Exercise input:

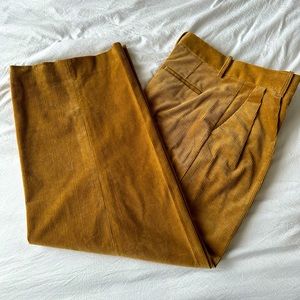 Banana Republic Rivoli Relaxed Corduroy Pant - Size 8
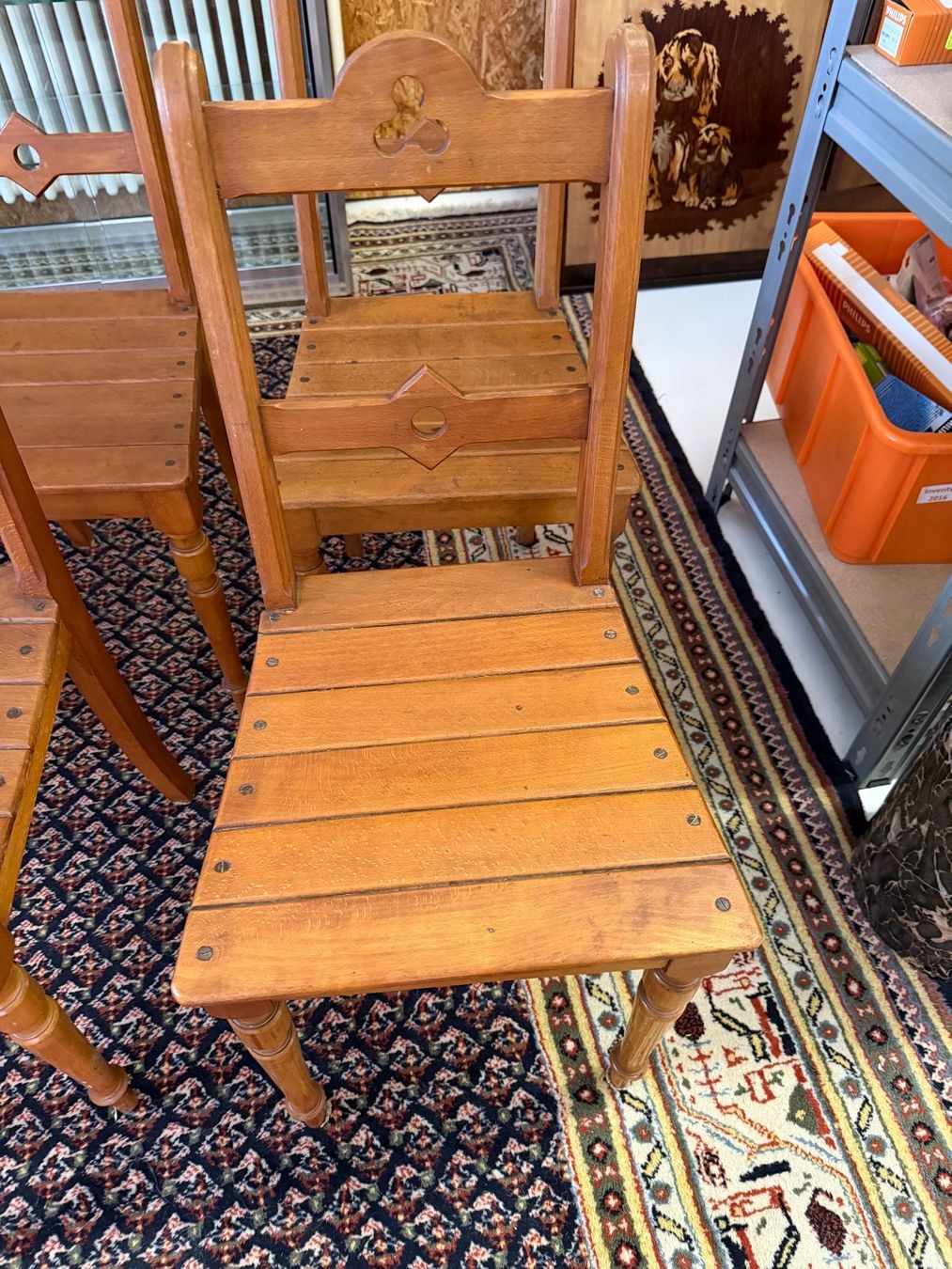 Chaises: 4 alte Holzstühle – D'occasion à Ebikon par Berku 1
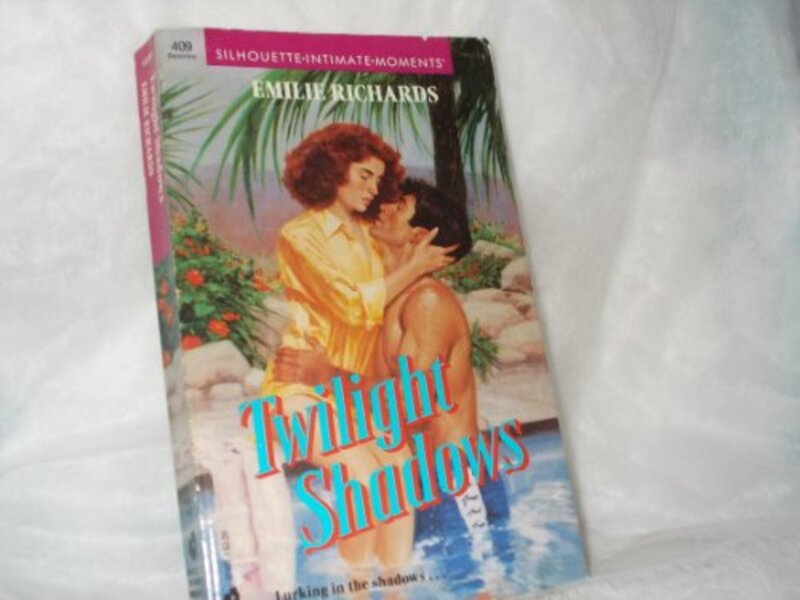 Book cover for "Twilight Shadows" by Emilie Richards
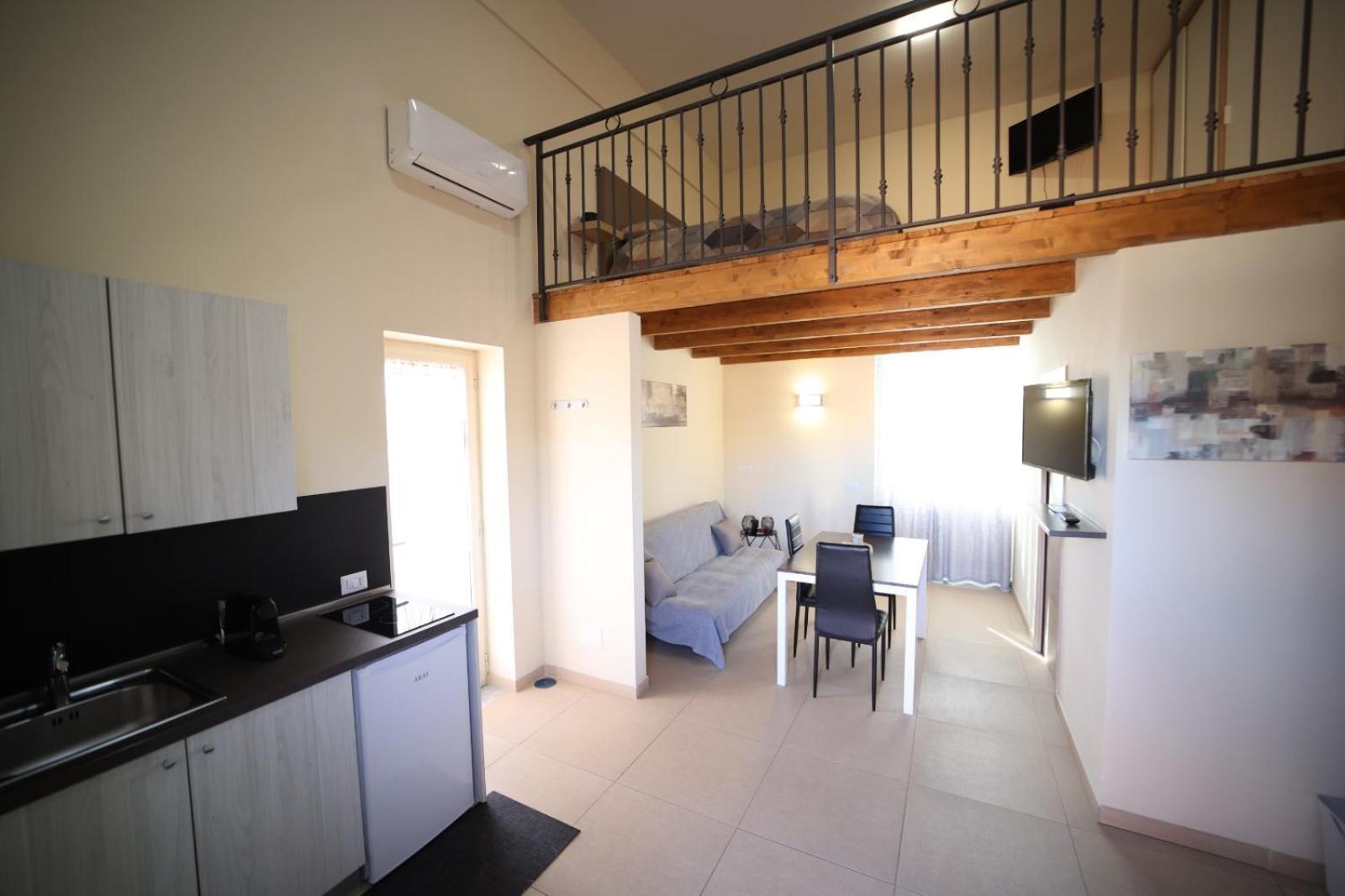 Corso 138 - Sleep & Fly - By Domusextra Bed & Breakfast Naples Exterior photo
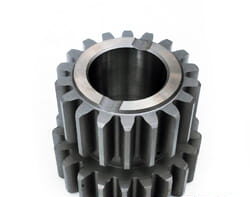 3382226M1 Pinion inversor 18/21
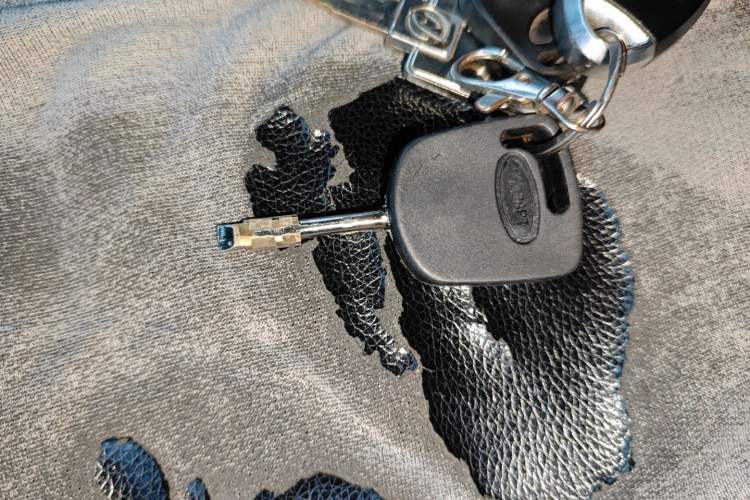 Used Ford Classic Transit 2016 2.4L Gasoline Short-Wheelbase 6-Seater Low-Roof Multi-Purpose Vehicle 4G69S4N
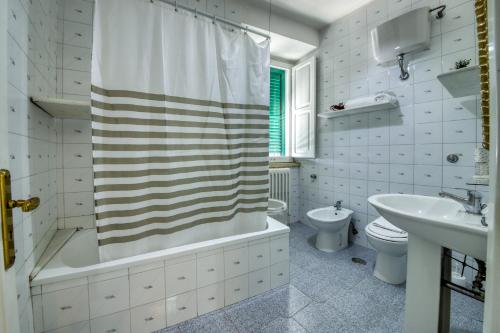 a bathroom with a tub and a toilet and a sink at Lettieri Apartments - Affitti Brevi Italia in Gravina in Puglia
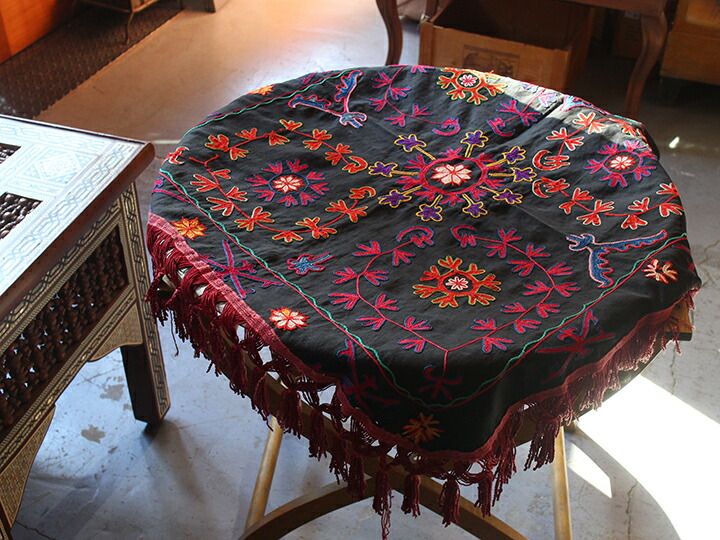 楽天市場】ウズベキスタンの刺繍布・スザンニ（スザニ）小さいピース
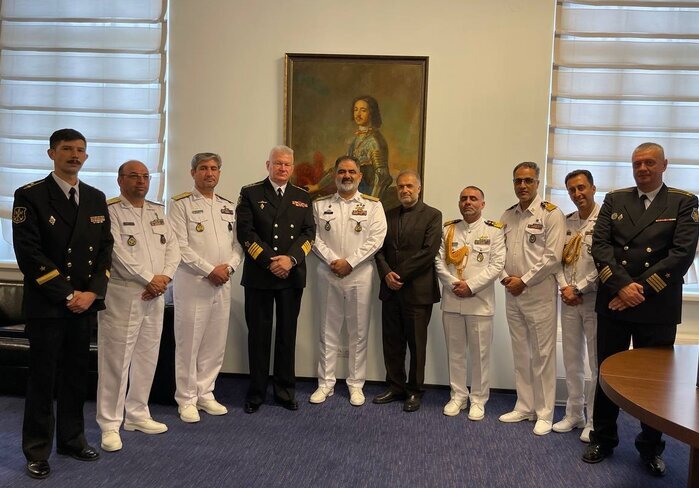 تمجید فرمانده نیروی دریایی روسیه از نیروی دریایی ارتش؛ تنها یک کشور ابرقدرت از عهده چنین مأموریت مهمی برمیآید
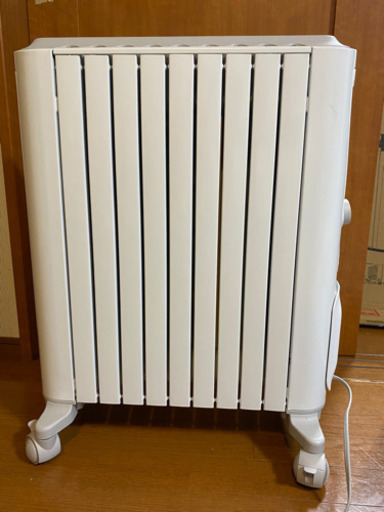 デロンギ　オイルヒーターRHJ75V0915 10-13畳用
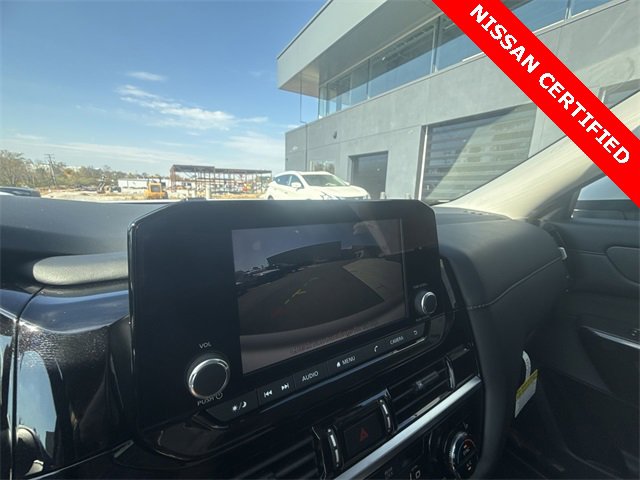 Certified 2025 Nissan Pathfinder SV image 17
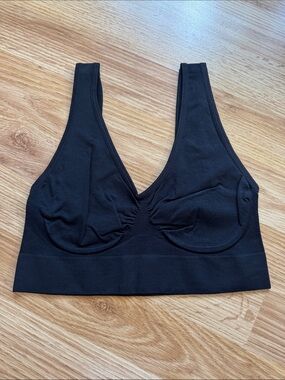 Rhonda Shear, Seamless V-Neck Comfort Bra 🔅 size Small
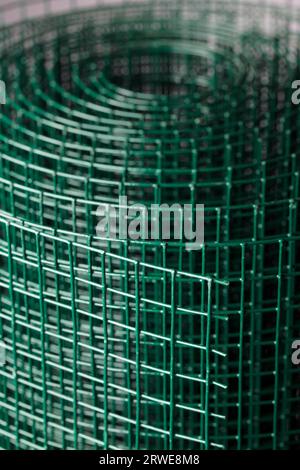 Rete metallica verde rivestita utilizzata nel giardinaggio proteggendo le piante dagli animali Foto Stock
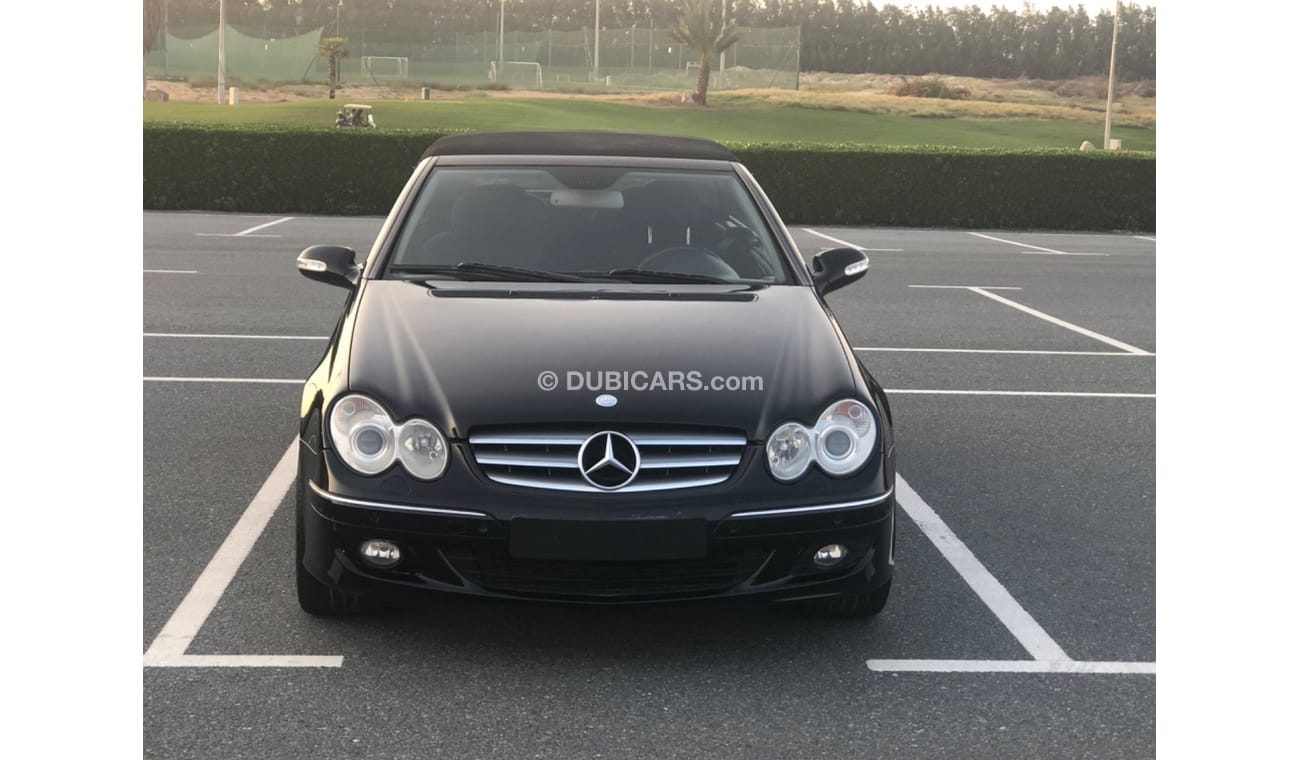 مرسيدس بنز CLK 200 موديل 2009 خليجي  حاله ممتازه جدا من الداخل والخارج مالك واحد من الوكاله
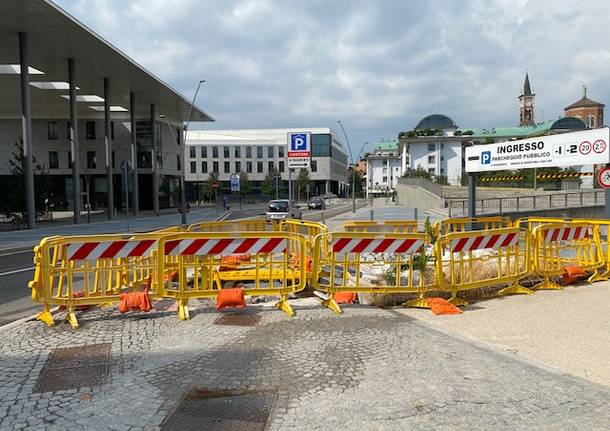 Un cantiere abbandonato da due anni nelle vie Tirinnanzi – Tessitori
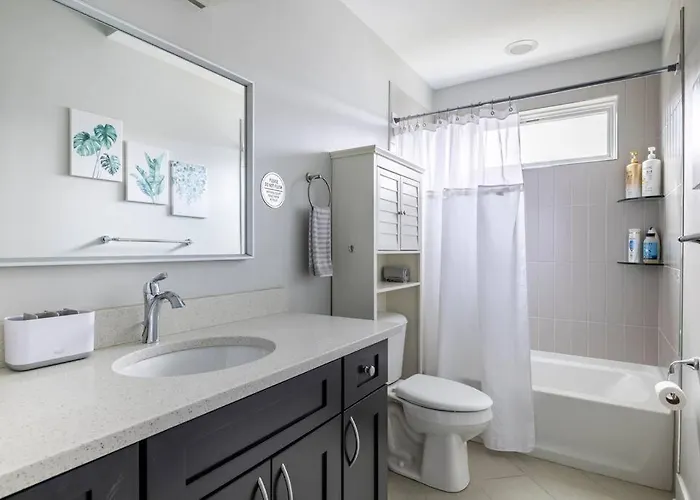 Stadiumview Villa: Pet-friendly 4br With Vistas Pittsburgh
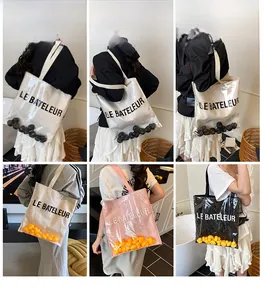 Détail du sac cabas en PVC transparent avec pochette en toile et décoration canard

Work required:
Give again, exactly as written above, each line from the one that has "Book cover for" to the one that has "Un cantiere abbandonato", both included; omit the pictures.

The answer:
 Book cover for "Twilight Shadows" by Emilie Richards
 Corso 138 - Sleep & Fly - By Domusextra Bed & Breakfast Naples Exterior photo
 3382226M1 Pinion inversor 18/21
 Used Ford Classic Transit 2016 2.4L Gasoline Short-Wheelbase 6-Seater Low-Roof Multi-Purpose Vehicle 4G69S4N
 a bathroom with a tub and a toilet and a sink at Lettieri Apartments - Affitti Brevi Italia in Gravina in Puglia
 楽天市場】ウズベキスタンの刺繍布・スザンニ（スザニ）小さいピース
 تمجید فرمانده نیروی دریایی روسیه از نیروی دریایی ارتش؛ تنها یک کشور ابرقدرت از عهده چنین مأموریت مهمی برمیآید
 デロンギ　オイルヒーターRHJ75V0915 10-13畳用
 Certified 2025 Nissan Pathfinder SV image 17
 Rhonda Shear, Seamless V-Neck Comfort Bra 🔅 size Small
 Rete metallica verde rivestita utilizzata nel giardinaggio proteggendo le piante dagli animali Foto Stock
 مرسيدس بنز CLK 200 موديل 2009 خليجي  حاله ممتازه جدا من الداخل والخارج مالك واحد من الوكاله
 Un cantiere abbandonato da due anni nelle vie Tirinnanzi – Tessitori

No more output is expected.